▶

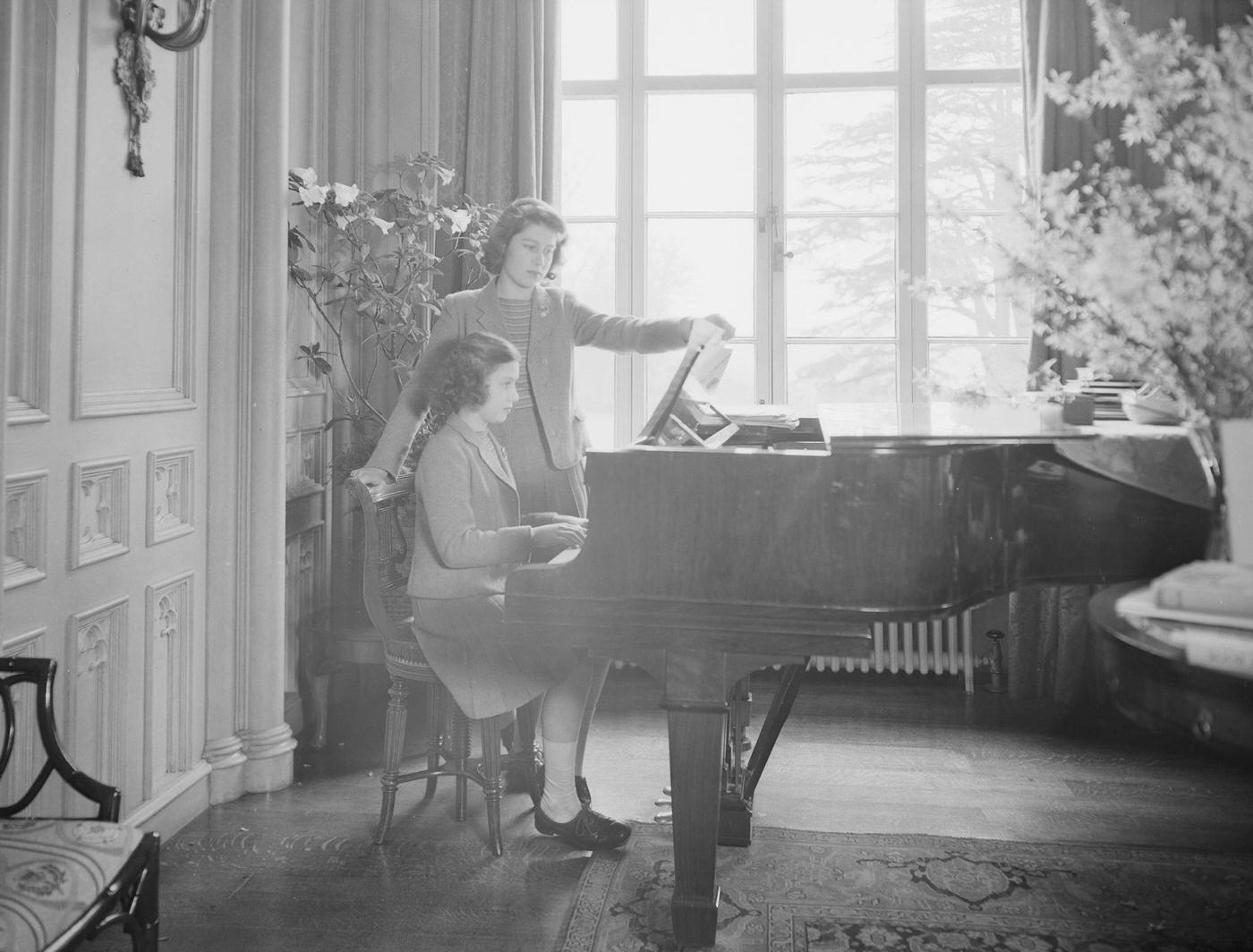 #60 Princess Elizabeth looks on as Princess Margaret plays the piano at the Royal Lodge in Windsor Castle, England on April 11, 1942.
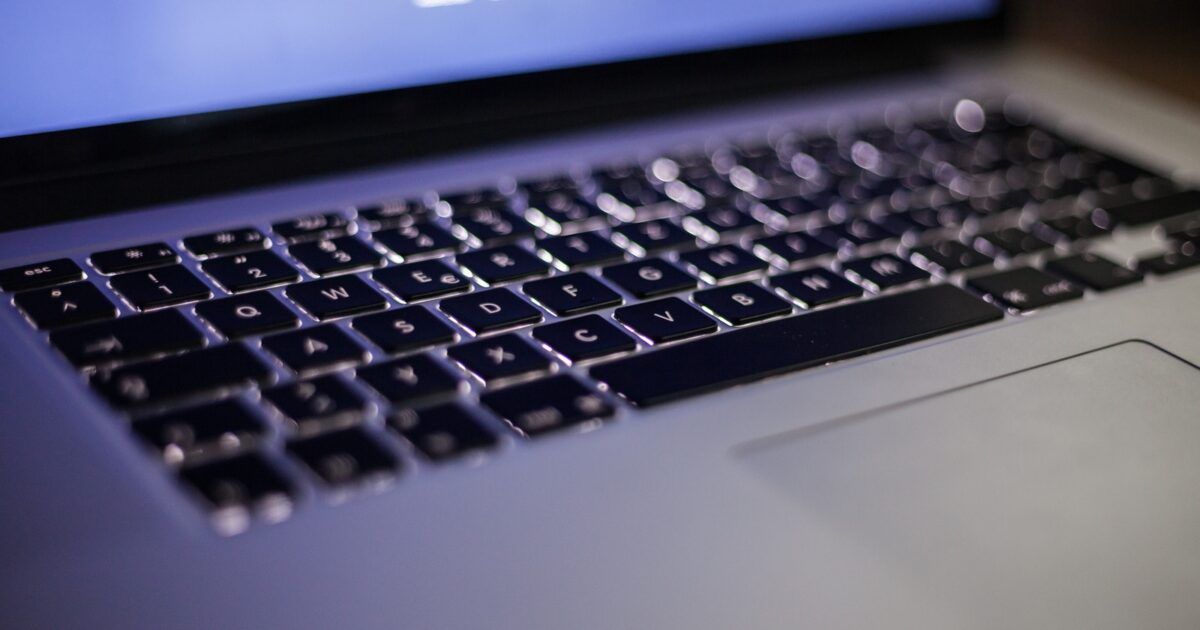 Backlit laptop keyboard for a ProCoinNews article about the SecondFi Cardano wallet exploit.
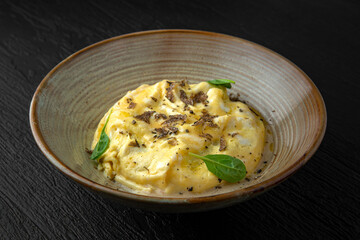 Polenta with mushroom julienne and truffle in a ceramic plate on a dark textured background. Restaurant menu Isolated on black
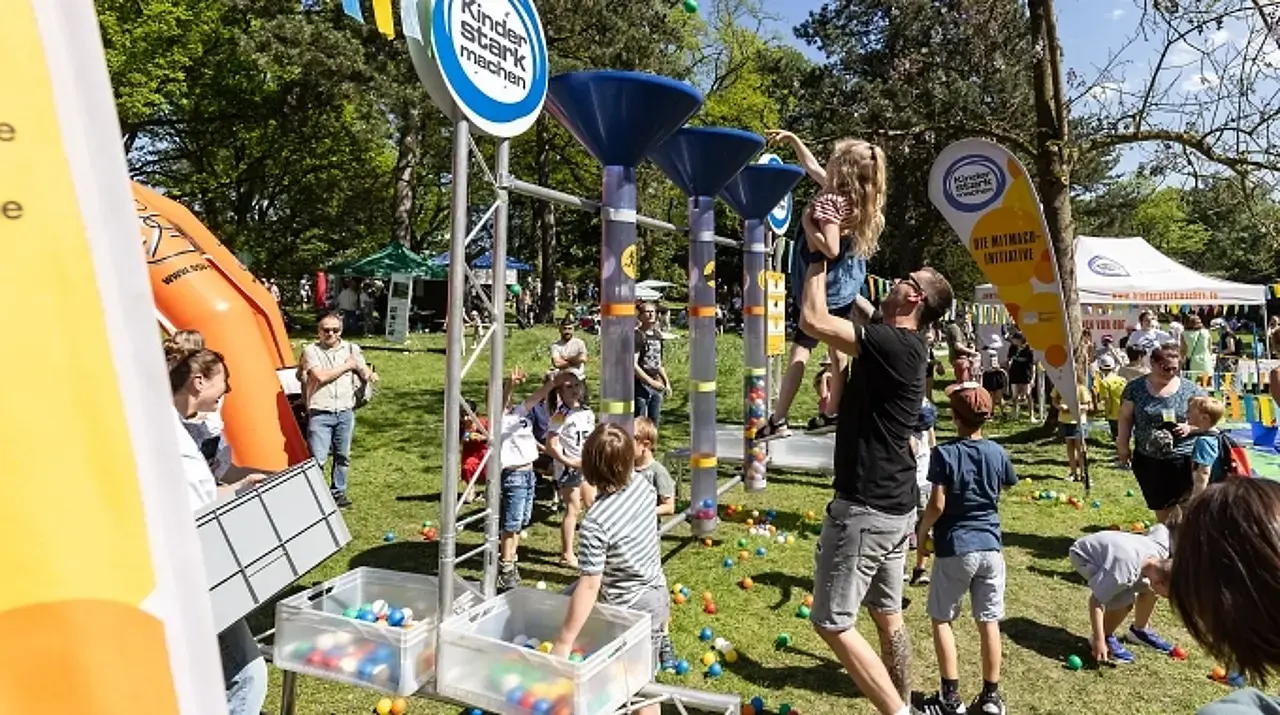 Vater nimmt Tochter hoch, um gemeinsam einen Ball in den Trichter des Meinungsbarometers zu werfen.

◀

WORK ITEM: Transcribe the span of lines that runs from the line with "Polenta with mushroom" to the end of the data, both ends included, exactly, with nothing else and no pictures.

TASK RESPONSE:
 Polenta with mushroom julienne and truffle in a ceramic plate on a dark textured background. Restaurant menu Isolated on black
 Vater nimmt Tochter hoch, um gemeinsam einen Ball in den Trichter des Meinungsbarometers zu werfen.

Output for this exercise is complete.